These guidelines are primarily for research papers; however, they may be useful for other types of academic papers, too.
Introduction
Ideally, introductions should be written last—after you’ve started to read about your topic, study it, and consider how it works. Strong introductions usually include:
Exigence
What is the event, issue, problem, or thing that you’re responding to in your essay? What causes you to write? This can be a personal anecdote, an example that illustrates the larger problem, or some research that establishes the scope of the problem or context for it. Explaining what you’re responding to can also lead to naming a research question or a question that your essay hopes to answer.
Big Picture Summary
Big Picture Summary means a glimpse at the conversation you’re creating in your essay. What are the perspectives currently? Who’s saying what? Who’s left out? This should give readers a more specific sense of who you’re talking to and what sources you’re engaging with. If you’re working with several sources, it helps to group them: some scholars believe X, while others argue Y…Currently, scholars in linguistics are divided on topic M..
Your Project
You should also establish your research question, any additional materials you’re using, and your argument (thesis). That is, what will you be doing in this paper? And, what have you found from studying this topic?
Essay Body
The body of a paper progresses through its consideration and evaluation of evidence. However, there are number of strategies for organizing evidence. Each of these organizational methods requires: sorting through your sources/evidence, understanding how they relate to each other (grouping them!), and figuring out what you’re going to focus on (perspectives, evidence, points, arguments, methods, etc.). Whether you’re writing a research paper or any other type of paper, it helps to have one guiding question the essay is trying to answer; you should ask: how does each piece of evidence answer my guiding question?

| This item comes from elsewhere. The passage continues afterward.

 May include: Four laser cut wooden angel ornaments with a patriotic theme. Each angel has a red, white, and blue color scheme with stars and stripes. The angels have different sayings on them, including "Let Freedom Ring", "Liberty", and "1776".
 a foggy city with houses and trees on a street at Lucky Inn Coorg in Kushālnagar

Important Context and/or Definitions
- Sometimes, we start a research paper by explaining necessary background info, a term or theory that's central to your analysis, historical context, or other information that frames your subject.

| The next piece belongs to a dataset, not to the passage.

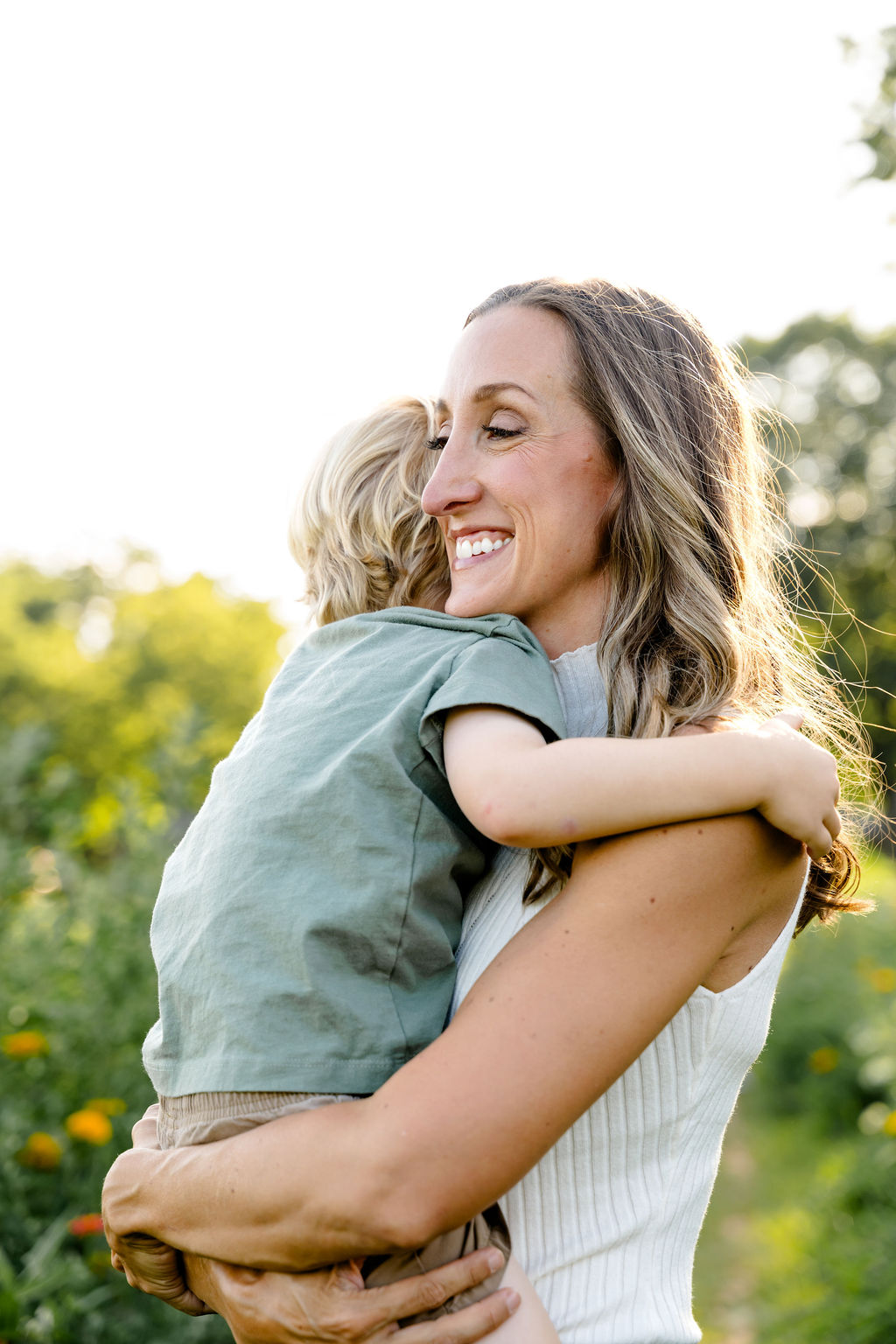 A toddler hugging his mom tight in golden light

Different Organizational Strategies for the Body
- Organize by Perspectives: Some people say X, whereas others say Y. Explain each side, how they relate, then evaluate/analyze them in relation to your argument/perspective;
- Organize by Evidence: evidence that supports your claim versus evidence that complicates it; in this scenario, you could start with the most persuasive or the least and build an argument.
- Organize by Points: This means, you’ve spent time and have come up with three categories, or three important elements of the debate on X, or three possible solutions to problem Y, or three things that no one is talking about in regards to M. Then each point is like a sub-section that requires synthesizing the sources that are useful for it. (e.g., policy reform at the national level, state level, local level)
- Organize by Sections: Sometimes it helps to break your research question into larger sections of a topic. For example, the following questions could each be a section in an essay on language discrimination: What is language discrimination? Why does it happen? Who faces it? What are potential solutions?
Conclusion
A strong conclusion does MORE than just restating what you’ve already said. A strong conclusion pushes forward your work in small ways. Here are some moves you might use for your conclusion:
- Return to your thesis and try to consider why your findings are important: what do they help us better understand or do? That is, so what? What are the implications of what you’ve said? Why should readers care?
- Who would benefit from reading the work you’ve done? And, how will they benefit?
- What other work (research, solutions, actions, etc.) still needs to be done? Or, are there any limitations to what you have said and done?